On July 15, 2020, the Burlington County Superior Law Division decided the case of State v. J.T. The principal issue under N.J.S.A. 2C:29-9 was whether the defendant could be found guilty of contempt for placing an order for flowers before he was served with the temporary restraining order (TRO).
Judge Fikry held in relevant part: The main issue in D.G.M. differs from the case at bar since there is no question that here, defendant’s action in sending flowers and a card to B.L.B. would have been expressly prohibited by the TRO had the communication taken place after defendant had been served. Nevertheless, the basis for the Appellate Division’s decision to reverse the contempt conviction in D.G.M. is instructive as to the question of whether an obligation not set forth in the TRO may be imposed on defendant. Since the TRO did not notify defendant that he was obligated to attempt to recall any communications to the protected party he may have initiated prior to service of the TRO, that were not yet delivered, the addition of such a requirement after the fact would be an improper basis for conviction.

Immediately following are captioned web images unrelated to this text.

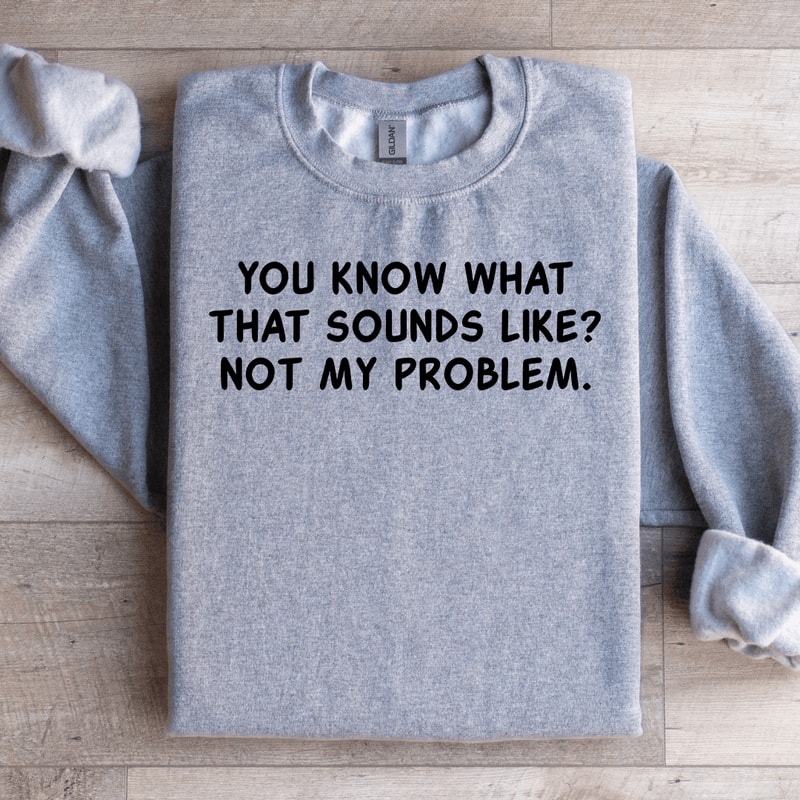 You Know What That Sounds Like Not My Problem Sweatshirt 1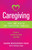 Caregiving (Hope and Health for Caregiving Families) by Patrick Egan, Sharon Wegscheider-Cruse, 9780757321931
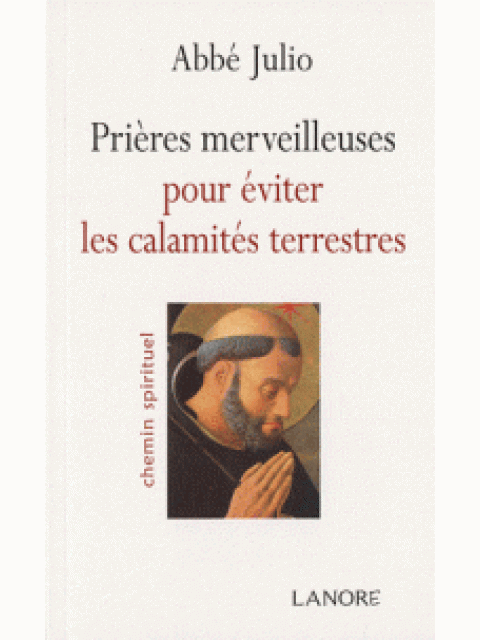 PRIERES MERVEILLEUSES POUR EVITER LES CALAMITES TERRESTRES PB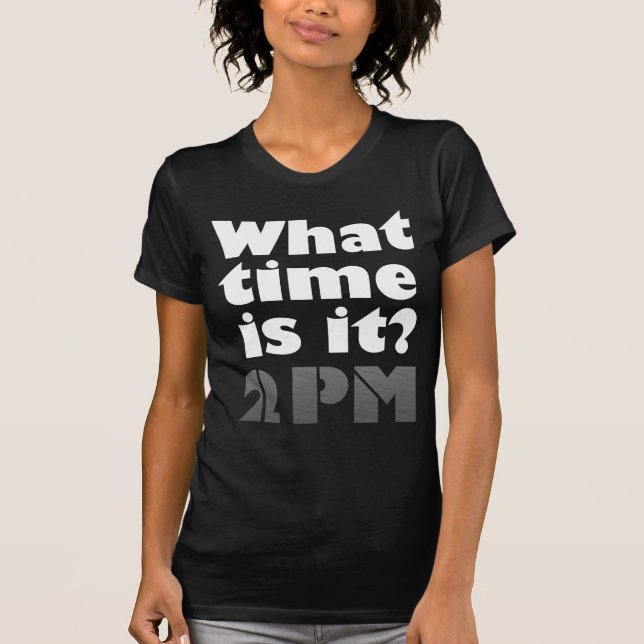 What time is it? 2PM T shirt (Front)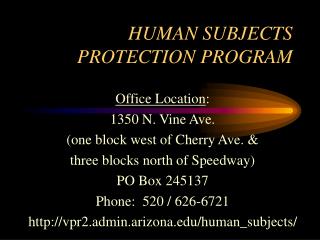 HUMAN SUBJECTS PROTECTION PROGRAM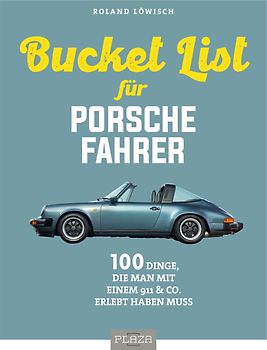 Die Bucket List für Porsche-Fahrer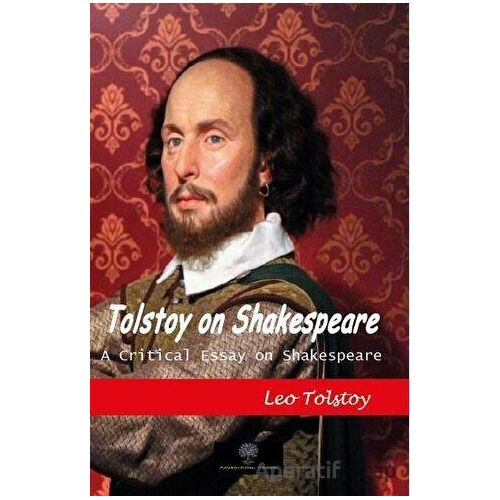 Tolstoy on Shakespeare - Lev Nikolayeviç Tolstoy - Platanus Publishing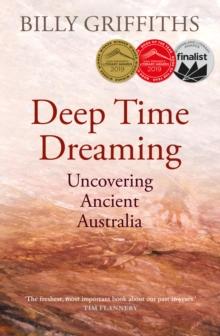 Deep Time Dreaming : Uncovering Ancient Australia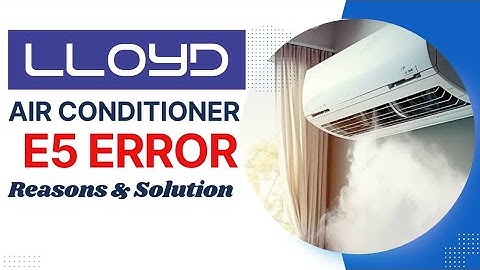 Lloyd AC E5 Error | E5 Error Code Air Conditioner Lloyd | AC E5 Error Code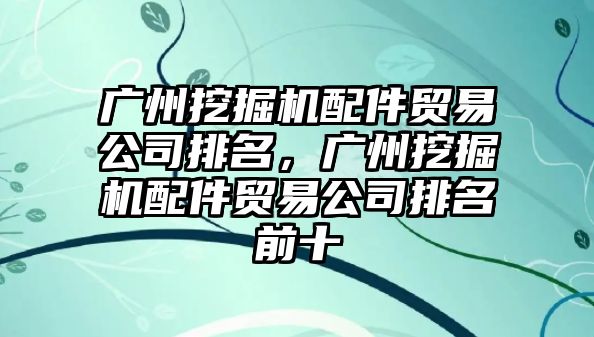 廣州挖掘機配件貿(mào)易公司排名，廣州挖掘機配件貿(mào)易公司排名前十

The court acknowledges and accepts the victim’s testimony that receipt of the items sent by defendant caused her to be nervous and fearful, and this decision should not be misconstrued as diminishing or deprioritizing the impact of defendant’s actions on the victim. Clearly, it is well-established that the basic protection the Prevention of Domestic Violence Act seeks to afford victims of domestic violence is the right to be left alone. State v. Hoffman (1997). In this case however, the requisite elements of contempt have not been established, and the complaint must necessarily be dismissed.
This case represents a waste of prosecutorial resources. It should not have been tried under the circumstances, let alone tried, lost, appealed, and lost again. This was all done at taxpayer expense.